What? Just curious-- With reason demolished, what approach should we take to building bridges and keeping airplanes aloft? Right. We should still use reason. If we're sometimes fooling ourselves when we think we're using reason, and we're really just rationalizing, it doesn't mean that that's what's always going on. And nothing about Haidt's research suggests that's what's going on any time but in the aftermath of having a strong moral intuition. You think there must be something very wrong with eating dinner off a toilet seat (Haidt's example), so you cast about for the reason why. You have the gut feeling that gay marriage is bad, so you labor for hours to find an explanation. In these post-gut-feeling moments, you're not using reason as much as you think you are. That's Haidt's argument. He's not making a general attack on reason.
As I said, Haidt raises great questions for metaethics.
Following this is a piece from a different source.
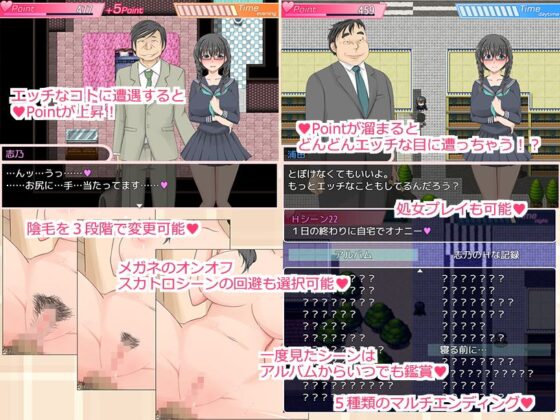 〇K Shino's Secret Pervert (Double Melon)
We don't need to cast aside reason because of his research. The new atheists use of reason is not being called into question (and by the way, Haidt is an atheist!). But what's more, we don't need to cast aside moral reasoning either. The thing is, we have lots of moral problems we urgently need to solve, and we've got no way to solve them besides thinking them through.
Thank God for Nicholas Kristof. He resuscitated philosophy--moral philosophy, that is--in his Thursday New York Times column, "Humanity even for animals." We've got a huge problem with the way animals are treated in the contemporary world, and he credits moral philosopher Peter Singer with getting more and more people to see the problem. Singer didn't accomplish that just with photos of forlorn veal calves and unimaginably crowded chicken barns, but with arguments. The arguments are in tension with pre-existing gut feelings ("they're just animals!"), not rationalizations of them. But they make sense, so they convince many people.
While metaethicists and psychologists do the needed work to think through the nature of moral truth and moral knowledge, somebody needs to figure out what we should do about animals, global warming, and extreme poverty. These aren't just factual issues, they're issues about value and responsibility and our obligations. While it makes sense to reflect on what we're doing, when we work on ethical problems, it makes no sense to stop doing it.